● **INFORMATION PROVIDED**:
---
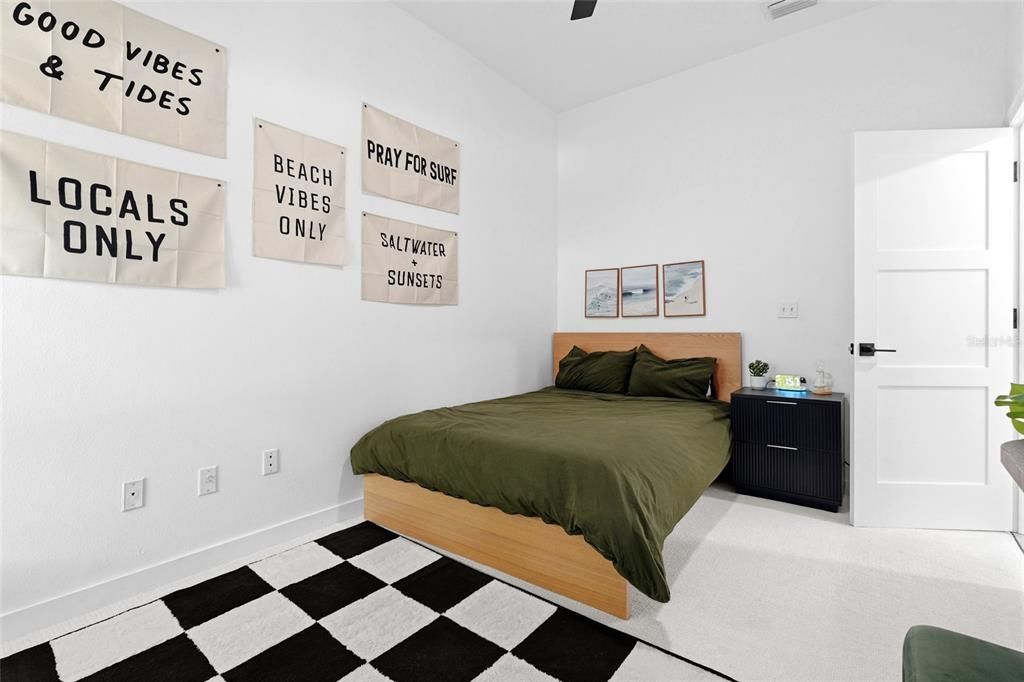For Sale: $895,000 (4 beds, 2 baths, 2078 Square Feet)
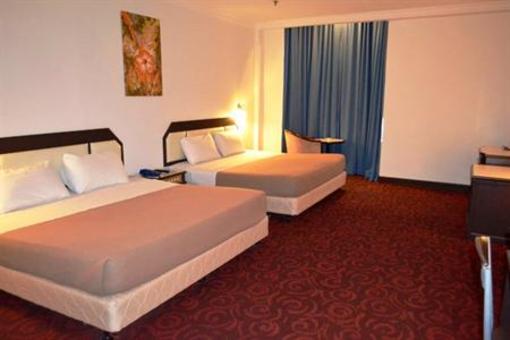 фото отеля Legend Inn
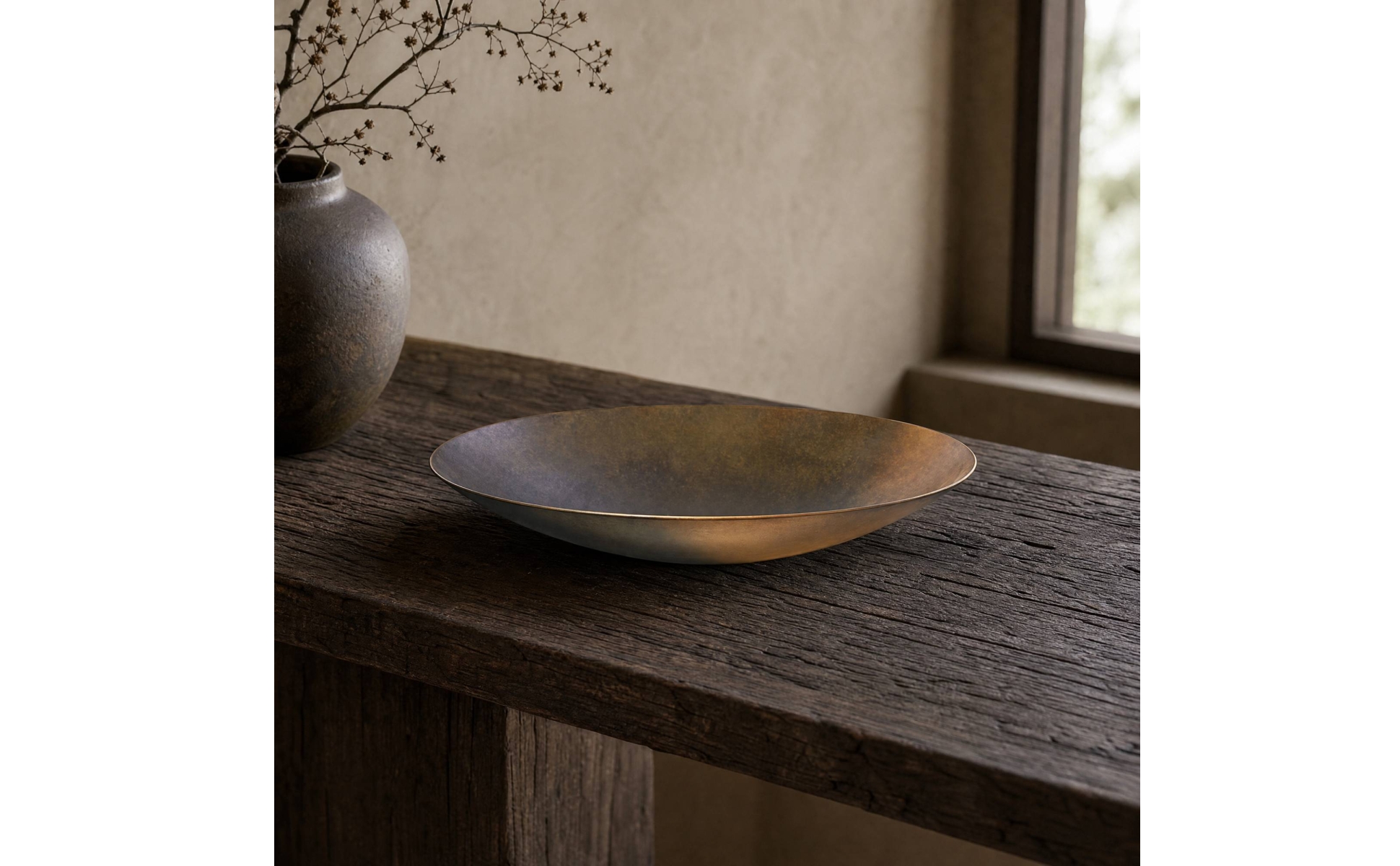 Oval Metal Fruit Tray for Entryway Console, Minimalist Interior Styling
---
● **WHAT YOU SHOULD DO**: Return exactly the lines starting at the line with "фото отеля Legend Inn" and ending at the last line of the listing, both ends included; pictures are to be left out.

● **ANSWER TO THIS EXERCISE**:
 фото отеля Legend Inn
 Oval Metal Fruit Tray for Entryway Console, Minimalist Interior Styling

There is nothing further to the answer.